• [WHAT YOU HAVE TO DO] Extract every line from the records below that contains the word "Dress".

**** SOURCE INFORMATION ****

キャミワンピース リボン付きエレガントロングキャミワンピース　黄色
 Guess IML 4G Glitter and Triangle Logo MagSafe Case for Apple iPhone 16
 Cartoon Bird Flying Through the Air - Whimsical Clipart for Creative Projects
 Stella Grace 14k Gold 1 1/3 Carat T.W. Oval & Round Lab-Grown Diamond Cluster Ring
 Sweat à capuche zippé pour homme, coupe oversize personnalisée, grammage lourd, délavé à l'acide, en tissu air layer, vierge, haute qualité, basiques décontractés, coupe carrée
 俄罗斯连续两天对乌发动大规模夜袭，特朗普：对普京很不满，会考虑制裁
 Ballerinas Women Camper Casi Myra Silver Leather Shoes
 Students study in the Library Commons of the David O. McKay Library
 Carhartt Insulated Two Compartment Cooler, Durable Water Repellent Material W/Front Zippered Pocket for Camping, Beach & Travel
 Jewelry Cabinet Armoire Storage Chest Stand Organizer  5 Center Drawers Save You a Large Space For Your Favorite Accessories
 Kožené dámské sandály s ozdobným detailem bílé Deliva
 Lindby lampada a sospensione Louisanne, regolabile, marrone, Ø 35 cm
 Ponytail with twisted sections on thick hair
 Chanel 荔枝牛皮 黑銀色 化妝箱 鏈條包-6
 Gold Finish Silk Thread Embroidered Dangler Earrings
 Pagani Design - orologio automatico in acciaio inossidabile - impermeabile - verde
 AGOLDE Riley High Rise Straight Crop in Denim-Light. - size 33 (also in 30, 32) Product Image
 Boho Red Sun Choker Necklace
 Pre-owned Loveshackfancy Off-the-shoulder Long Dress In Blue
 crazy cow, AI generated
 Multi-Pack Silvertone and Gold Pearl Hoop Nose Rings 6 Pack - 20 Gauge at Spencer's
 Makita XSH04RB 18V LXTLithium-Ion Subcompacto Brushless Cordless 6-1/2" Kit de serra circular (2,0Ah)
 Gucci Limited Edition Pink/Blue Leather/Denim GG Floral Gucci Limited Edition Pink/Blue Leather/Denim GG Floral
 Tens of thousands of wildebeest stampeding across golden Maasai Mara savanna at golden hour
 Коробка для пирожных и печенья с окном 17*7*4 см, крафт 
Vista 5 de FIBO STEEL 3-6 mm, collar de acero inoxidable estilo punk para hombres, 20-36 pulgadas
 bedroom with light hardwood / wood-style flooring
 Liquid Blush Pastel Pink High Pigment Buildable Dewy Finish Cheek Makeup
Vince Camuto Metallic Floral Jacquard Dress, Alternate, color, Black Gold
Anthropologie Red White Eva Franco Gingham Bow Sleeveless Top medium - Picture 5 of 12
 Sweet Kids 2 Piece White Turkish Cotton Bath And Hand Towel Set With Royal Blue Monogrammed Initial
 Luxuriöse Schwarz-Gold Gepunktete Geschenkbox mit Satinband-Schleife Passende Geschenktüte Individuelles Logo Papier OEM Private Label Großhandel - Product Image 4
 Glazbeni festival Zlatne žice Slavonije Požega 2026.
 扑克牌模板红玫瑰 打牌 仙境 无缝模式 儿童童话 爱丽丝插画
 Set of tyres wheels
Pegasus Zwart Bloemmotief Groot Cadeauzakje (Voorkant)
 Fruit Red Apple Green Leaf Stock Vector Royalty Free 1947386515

****

• [THE ANSWER]
 Pre-owned Loveshackfancy Off-the-shoulder Long Dress In Blue
Vince Camuto Metallic Floral Jacquard Dress, Alternate, color, Black Gold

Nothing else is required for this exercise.